Por Manuel Ignacio Gómez Lecaro
Diario EL UNIVERSO – Guayaquil, Ecuador
Nos quejamos todos los días de la corrupción de nuestros políticos. Gritamos alarmados los escándalos en el Congreso. Lamentamos la falta de integridad de nuestros funcionarios públicos. Pero no nos preguntamos qué estamos haciendo nosotros para detener tanta corrupción. ¿Qué hacemos por acabar con aquello que tanto criticamos?
No se trata de salir con una capa roja a luchar por la justicia. Tampoco se trata de poner en riesgo nuestra libertad acusando sin pruebas a aquellos que sabemos son corruptos. Si bien no hacen falta documentos para identificar al corrupto que entró a pie al Gobierno y salió en Mercedes, sí necesitamos las pruebas para acusarlos.
Ellos caminan tranquilos por el país y el mundo. Roban en el Gobierno. Son acusados de corrupción. Dejan el país hasta que se enfríen las cosas y algún juez les quite la orden de prisión. Y poco a poco nos vamos olvidando que alguna vez robaron y que lo siguen haciendo. Hasta que un día cuando alguien pregunta por el origen de la fortuna de ese elegante señor que conversa tranquilamente, se escucha con indiferencia: “Ah, ese se forró de plata en el gobierno de tal presidente”.
¿Entonces qué hacemos? ¿Qué tal si en lugar de quejarnos por tanta corrupción empezamos por marginar a los corruptos cercanos a nosotros? Todos tenemos por ahí algún amigo o conocido que hizo más dinero de la cuenta con medios dudosos. Ese que sin tener dónde caer muerto, le bastaron un par de años en un puesto público para construirse una casa con piscina. Aquel conocido sabido que siempre está en negocios raros. Aquel otro tan simpático –y es que los ladrones suelen ser simpáticos– que está siempre cerca al poder político para llevarse una tajada del pastel.
¿Qué tal si la próxima vez que nos invitan a la fiesta de quien hizo su fortuna en un negociado nos quedamos en casa, en lugar de aceptar la invitación y bebernos el Johnny negro comprado con dinero sucio? ¿Qué tal si en lugar de abrazar efusivamente a ese que bien sabemos estaba endeudado hasta los calzoncillos hasta que entró al Gobierno, simplemente lo ignoramos?

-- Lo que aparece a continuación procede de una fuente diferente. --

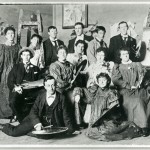 National Gallery students 1896. Ramsay back row.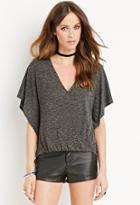 Forever21 Surplice V-neck Top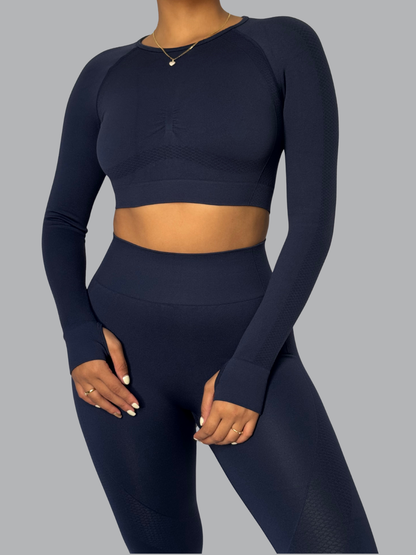 Set Buzo Navy Push Up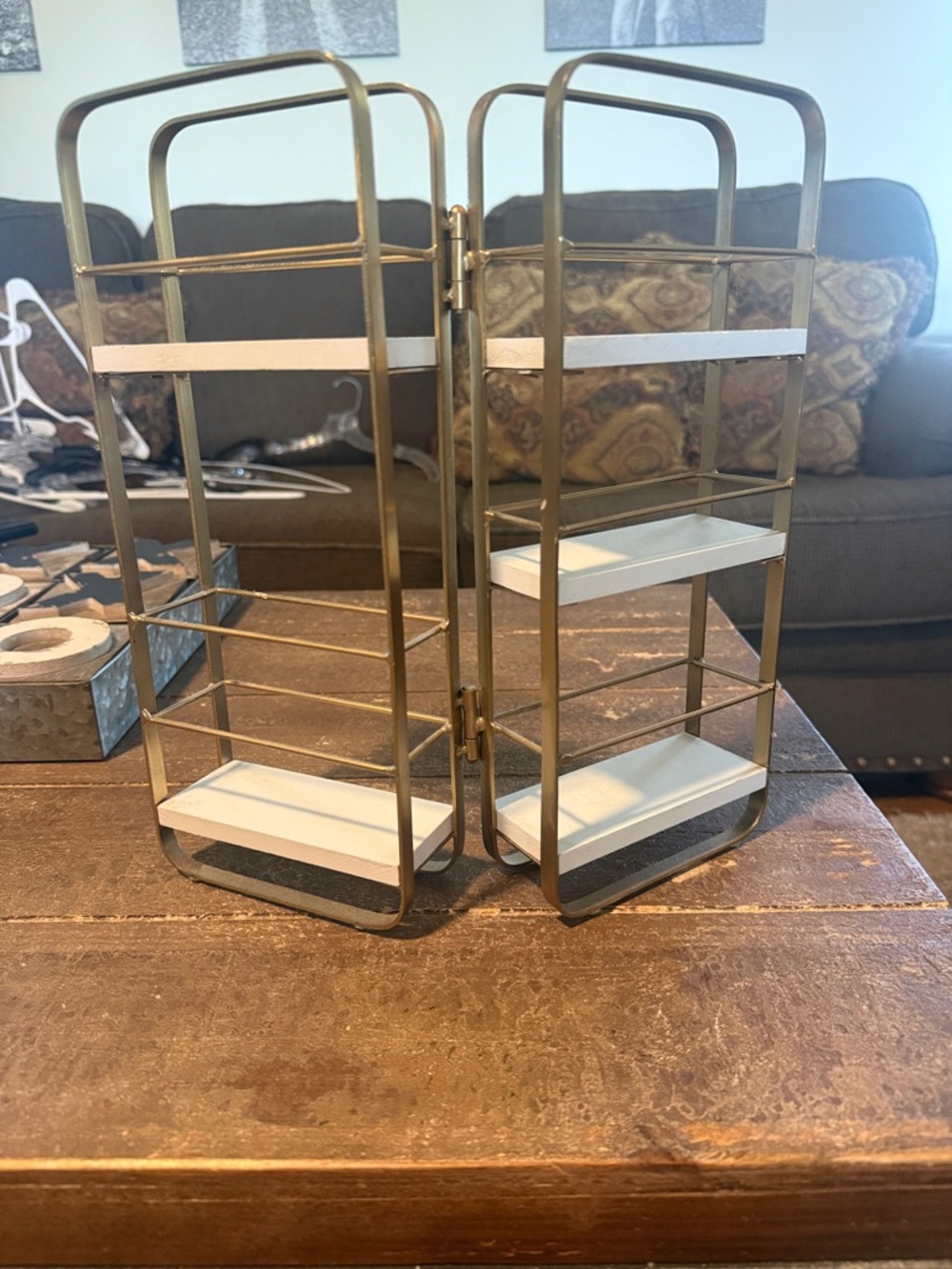 Target Gold and White Foldable Makeup Organizer Stand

No es fácil ni agradable darle la espalda a la gente, peor aún a quien conocemos. Pero no podemos quejarnos de la corrupción mientras visitamos las casas y bebemos el trago de sinvergüenzas. ¿Queremos menos corrupción? Empecemos por marginar a los corruptos que tenemos cerca en lugar de celebrar su riqueza.

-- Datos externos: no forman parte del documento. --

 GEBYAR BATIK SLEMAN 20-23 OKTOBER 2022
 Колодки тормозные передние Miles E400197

Qué tal, por ejemplo, si todos pifiamos cuando vemos a un corrupto. O como se ha hecho en otros lugares, salimos del restaurante cuando entra un sinvergüenza. Se reciben más propuestas. Busquemos un método y apliquémoslo para que los ladrones sepan que no pasan desapercibidos. Para que se sientan acusados. Talvez nunca encontremos las pruebas ni los jueces para acusarlos y encarcelarlos, pero al menos impediremos que vivan vidas normales.

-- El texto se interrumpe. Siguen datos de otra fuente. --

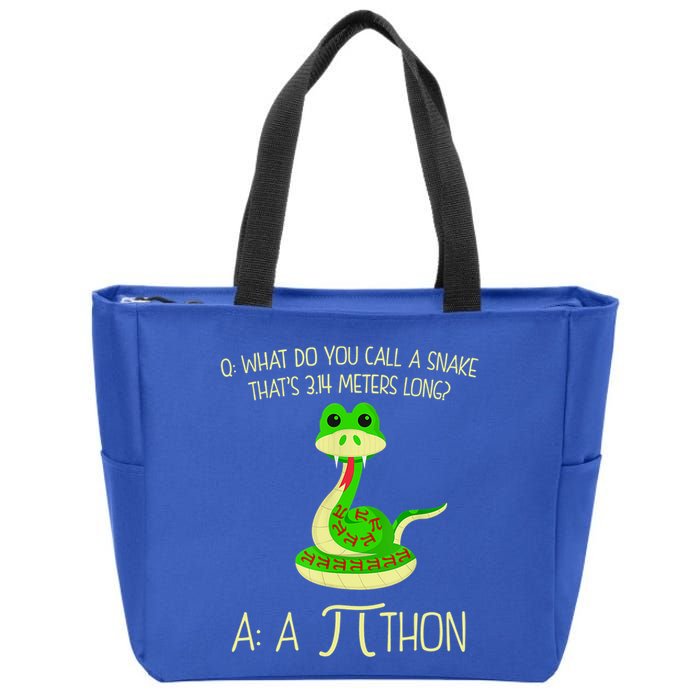 Python Pithon Pi Symbol Funny Math Teacher Zip Tote Bag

Si queremos acabar con la corrupción en el Gobierno, en los negocios y en el día a día de nuestro país debemos empezar por marginar a los corruptos. Mientras los ladrones se sientan tranquilos con sus fortunas seguirán robando y más personas los imitarán. La corrupción disminuirá cuando todos señalemos al ladrón y el ladrón se sienta perseguido.